Comme toujours chez Pixar, cette débauche de moyens est avant tout au service d’une histoire. La mort qui s’accompagne de la peur de ne pas avoir accompli ce que l’on voulait durant sa vie, la découverte de sa passion et d’une raison de vivre sont des thématiques que l’on n’associe pas fréquemment à l’animation, mais le studio sait les manier pour tous les publics et il le prouve ici encore. Le sujet est grave et le traitement sérieux, mais avec ce qu’il faut de touches comiques et d’éléments mignons pour ne perdre personne. L’idée de l’inversion des âmes est peut-être convenue, elle fonctionne néanmoins très bien et offre de bonnes opportunités pour remettre en cause notre monde. On peut regretter le happy-end final un peu gros et juger que Soul aurait été plus fort en se tenant à la description de la fin d’une vie, mais cela ne gâche en rien le reste et il fallait sans doute faire ce compromis pour ne pas choquer les plus jeunes. D’autres scénaristes auraient été tenté d’accorder plus de place à 22, notamment une fois sur Terre, mais cette erreur est évitée ici et on reste concentré sur ce quarantenaire joueur de jazz. Sacré défi que de faire une œuvre grand public qui traite notamment de l’amour du jazz ! C’est un genre méconnu et souvent mal-aimé, mais le film parvient très bien à le rendre intéressant et accessible, sans tomber dans la musique d’ascenseur. On sent la passion du réalisateur derrière et ce choix original est, à nouveau, payant. Plus audacieux encore, Pixar fait appel à Trent Reznor et Atticus Ross pour signer la bande-originale, une décision qui semble bien éloignée du genre et qui fonctionne pourtant à merveille. Toutes les séquences avec les âmes sont mises en musique par le duo, avec leur touche spécifique que les amateurs reconnaîtront aisément et aussi avec une liaison parfaite avec le jazz terrestre. Comme pour l’animation, c’est une décision à contre-courant qui paye.

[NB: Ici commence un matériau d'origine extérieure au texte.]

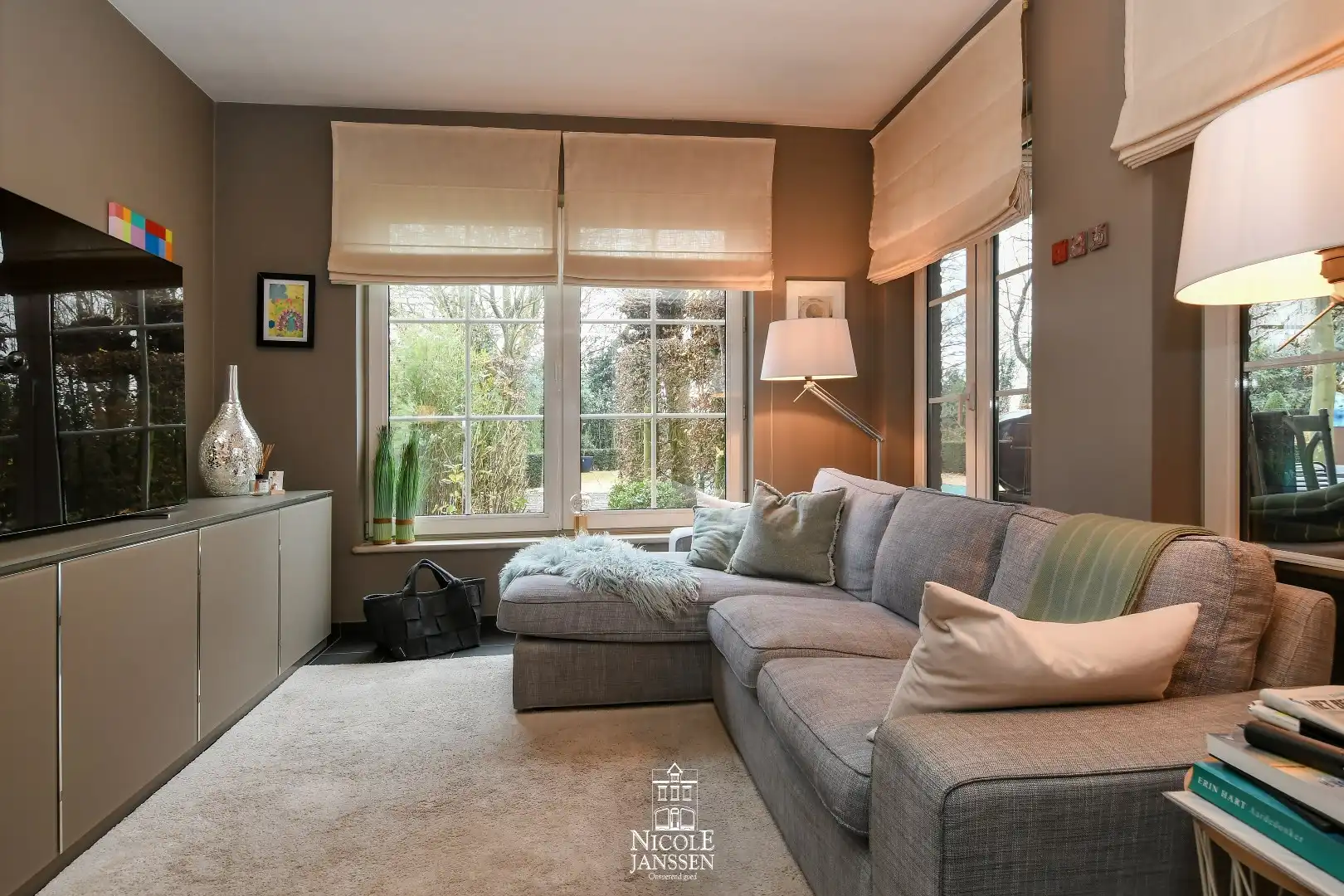 Ruime villa in landelijke stijl  foto 15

Loin des films faciles taillés pour les plus jeunes, Soul aborde des sujets difficiles avec un traitement très original. Pete Docter poursuit son travail initié avec Vice Versa et on retrouve aussi son goût pour la question de la vie et de la mort qui était déjà au cœur de Là-Haut. Face à la frilosité trop courante dans l’animation grand-public, cette audace tranche, y compris au sein même de Pixar qui a eu trop tendance à se reposer sur des licences connues ces dernières années. Soul est bien plus riche et intéressant, espérons que le studio continue sur cette bonne lancée !


  1. La pandémie a décalé sa sortie prévue initialement au cœur de l’été, jusqu’au 25 décembre 2020. Et puisque les cinémas sont toujours fermés, c’est uniquement sur Disney+ que l’on peut le voir.